Игорь до боли сжал кулаки, ногти впились в кожу ладоней, глаза заволоклись красным туманом незаслуженной обиды.
— Да, да,— невозмутимо продолжал Василий Павлович,— не смотри на меня волком,
Генерал улыбнулся и потрепал Игоря по плечу.
— Не горюй,— добавил он,— у нас в корпусах и военных училищах не учат храбрости, и ты не виноват. А многих ли генералов ты назовешь мужественными?
— А что такое мужество? — не без вызова, но внутренне пристыженный, спросил Игорь.
— Мужество в том, чтобы принять решение и уже не отступать от него и довести до конца. Похвистнев горько улыбнулся.
— О, это самое трудное для русского генерала в наше время. Мужеством в полной мере обладает у нас только один генерал — Брусилов. Он старше меня всего на два года. Мы с ним однокашники. Я его помню камер-пажом... Вся его карьера прошла на моих глазах. Он шел вперед уверенно и без чужой помощи. Он всегда знал, чего хотел. Но никто не подозревал в нем мужества. Нынче ему суждено свершить великие дела и не миновать беды... Мужества у нас не прощают.
Исподволь овладевал Игорь искусством командира в боевой обстановке.
— Умей принимать разумные решения,— наставлял его Похвистнев,— не увлекайся, а думай, Холодно взвесь, а бей горячо.
Не сразу дошла до сознания Игоря жестокая мудрость боя. Не сразу усвоил он и твердо запомнил, что умение принимать разумные решения дается только тем командирам, которые привыкли к системе в работе и никогда ничего не делают наобум, умеют пользоваться опытом войны. Опыт восьми месяцев войны был им упущен. Надо было наверстывать.

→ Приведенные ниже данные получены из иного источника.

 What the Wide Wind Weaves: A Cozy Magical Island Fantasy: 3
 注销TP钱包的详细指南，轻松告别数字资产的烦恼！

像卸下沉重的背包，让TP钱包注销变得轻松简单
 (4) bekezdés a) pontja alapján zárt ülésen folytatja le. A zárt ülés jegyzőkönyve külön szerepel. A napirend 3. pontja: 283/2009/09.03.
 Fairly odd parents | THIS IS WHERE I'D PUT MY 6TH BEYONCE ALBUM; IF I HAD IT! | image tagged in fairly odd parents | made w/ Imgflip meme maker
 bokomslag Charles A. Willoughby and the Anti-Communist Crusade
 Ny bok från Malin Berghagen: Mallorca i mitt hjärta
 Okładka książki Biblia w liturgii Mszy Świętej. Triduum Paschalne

— Опыт войны сбережен твоими солдатами по крохам,— учил Василий Павлович,— умей собрать эти крохи, и ты избегнешь многих ошибок и сбережешь боевую отвагу. Поговори о задаче предстоящего боя с унтер-офицерами, с рядовыми. Поговори так, как если бы тебе надо было под пахоту очистить участок земли. По-хозяйски.
И еще много раз повторял Похвистнев:
— Помни: самовлюбленный невежда — слуга поражений.
Ах, как все это было ново Игорю, как трудно и... как увлекательно!
Он не хотел быть слугой поражений. Он жаждал чести быть воистину храбрым. Со всею присушен"! ему страстью он стал этому учиться.
XIII
Отряд Похвистнева, отличившийся в зимней кампании на Карпатах, был переброшен Брусиловым на правый фланг 8-й армии как наиболее устойчивый. В его задачу входило прикрывать левый, наименее защищенный фланг 3-й армии Радко-Дмитриева и действовать совместно с 10-м ее корпусом. Похвистнев не скрывал от начальников частей всю сложность и смертельный риск, на какие они идут. 10-й корпус 3-й армии, растянутый кордоном и обессиленный в предыдущих боях, без резервов, без пополнений, не мог быть надежным боевым товарищем. А именно сюда, по данным разведки, стягивались силы противника для главного удара.